━━━━━ DATA SEGMENT
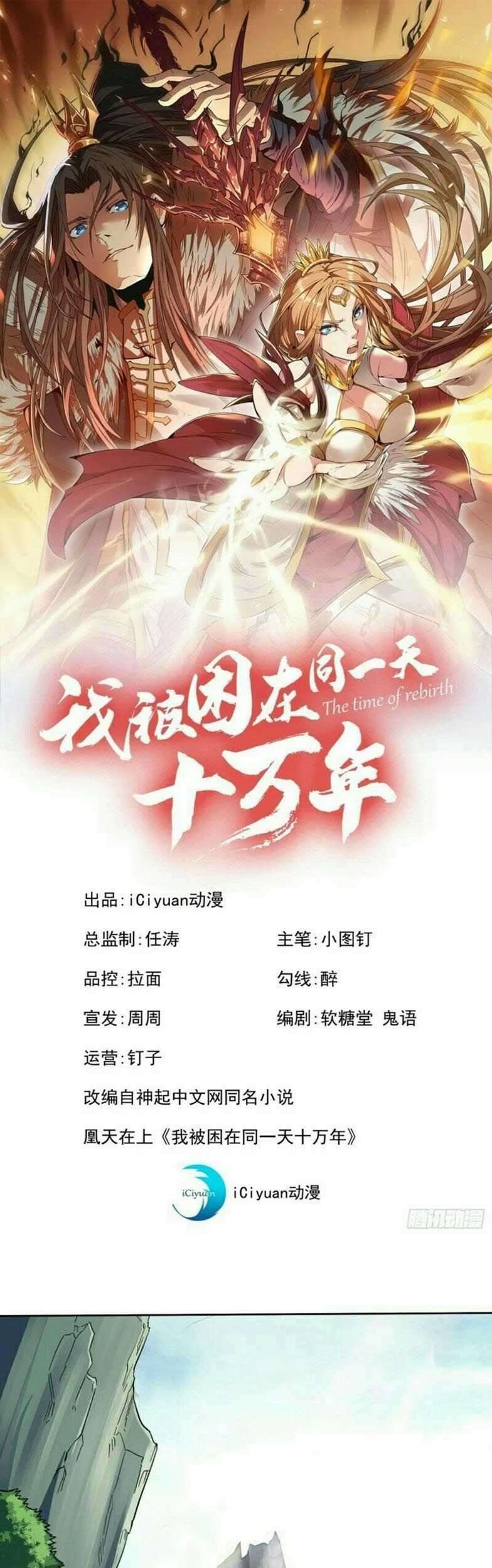 Baca  I Was Trapped On The Same Day For 100,000 Years Chapter 6 Gambar 2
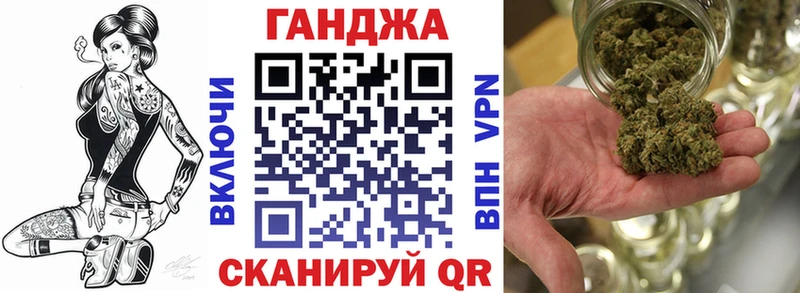 Канабис семена Людиново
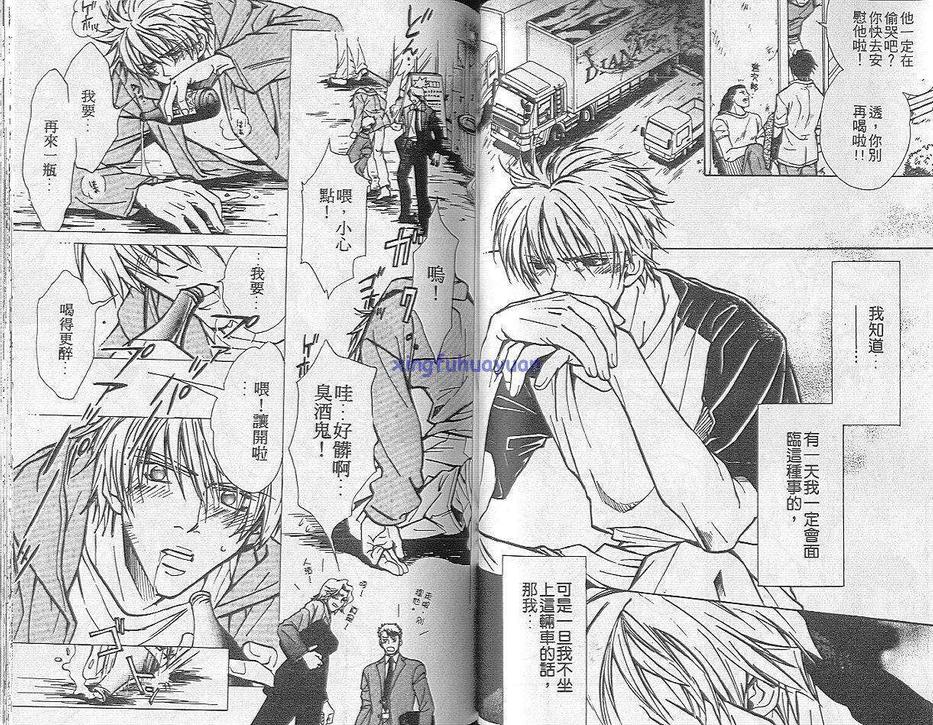 《爱上你的那天》漫画最新章节 第1卷 免费下拉式在线观看章节第【34】张图片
━━━━━━━━━━
Set down all of the material word for word, minus its pictures.

### RESPONSE
 Baca  I Was Trapped On The Same Day For 100,000 Years Chapter 6 Gambar 2
 Канабис семена Людиново
 《爱上你的那天》漫画最新章节 第1卷 免费下拉式在线观看章节第【34】张图片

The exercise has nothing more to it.